Once these guys sold a bunch of mortgages, they sold them to investors, including the big commercial and investment banks all over the world, which bundled them up and sold them again. It was the unabated greed of these big financial institutions and their advisors that ultimately made them victims as well as perpetrators of the disaster. When their investments turned out to be worthless - or of unknown value - they started worrying about the accuracy of their balance sheets, stopped lending money to anyone, and turned to the government for help.
The government obliged with the most massive bailouts in U.S. history. You still with me? The bankers were a big part of the gang that caused the housing bubble in the first place, yet were the first ones to be rescued with our tax dollars. Seven-hundred-billion of them.
All but forgotten in the Treasury Department's frenzy to save Wall Street were those millions of homeowners who couldn't make their mortgage payments and whose homes were being seized in foreclosure at a pace not seen since the Great Depression of 1929.
Treasury's rationale for pouring its billions into the nation's largest banks was to end the acute constipation in the credit markets. That bit of government largesse cost $350 billion. It came with no strings attached -- and no results either, unless you count using our tax dollars to acquire other banks and pay out dividends to shareholders. Meantime, these banks are still not lending - even to one another. Many are said to be "hoarding" money while waiting for another shoe to drop, and there is no indication that the flow of credit is likely to restart any time soon.
But there is at least one person who didn't forget where this mess started. And, for her trouble, she is being quietly dissed by the Bush Administration.
She is Sheila Bair and her job is Chair of the Federal Deposit Insurance Corporation. The FDIC, started by Franklin Roosevelt as one of his recovery weapons after massive bank failures in the Great Depression, is the agency that provides Federal guarantees to depositors of banks that fail. When Washington woke up facing a protracted recession or worse, Bair's outfit quickly increased that insurance from $100,000 to $250,000 for each bank account. That's one of the very few positive and successful moves yet made.

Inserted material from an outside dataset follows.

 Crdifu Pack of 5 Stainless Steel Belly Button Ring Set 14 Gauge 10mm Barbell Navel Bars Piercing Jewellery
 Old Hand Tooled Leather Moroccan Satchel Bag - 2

Ironically, Sheila Bair was appointed by George W. Bush. The term of this self-described moderate Republican runs through 2011, meaning that W. can't fire her - though it appears he would if he could. She is currently far more popular with Democrats than she is with her own party's leaders. Or with Treasury Secretary Henry Paulson.

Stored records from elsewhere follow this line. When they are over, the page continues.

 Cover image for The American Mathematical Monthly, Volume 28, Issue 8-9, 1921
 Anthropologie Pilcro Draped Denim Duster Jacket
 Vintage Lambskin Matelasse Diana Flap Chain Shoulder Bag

The reason: Bair has focused like a laser not on propping up banks but on rescuing homeowners. Her objective is to help stem the tsunami of foreclosures now putting people out of their homes and decimating entire neighborhoods as house values continue to drop like stones.
Bair has put forward a proposal to use $24 billion of the government bailout funds to help 1.5 million borrowers avoid foreclosure by guaranteeing modified home loans through the end of next year. This move is being opposed by Paulson and the Bush administration. So now Bair finds herself locked in a so far mild-mannered but potentially ugly duel.
There are two key elements to the Bair proposal.
First, delinquent borrowers who are two months or more late can arrange to have their monthly payments reduced to 31 per cent of their gross monthly income. To achieve that result, mortgage rates could be set as low as 3 per cent for five years. The rate would increase annually by one percentage point until it reached the prevailing market rate. Loan terms could be extended for as long as 40 years.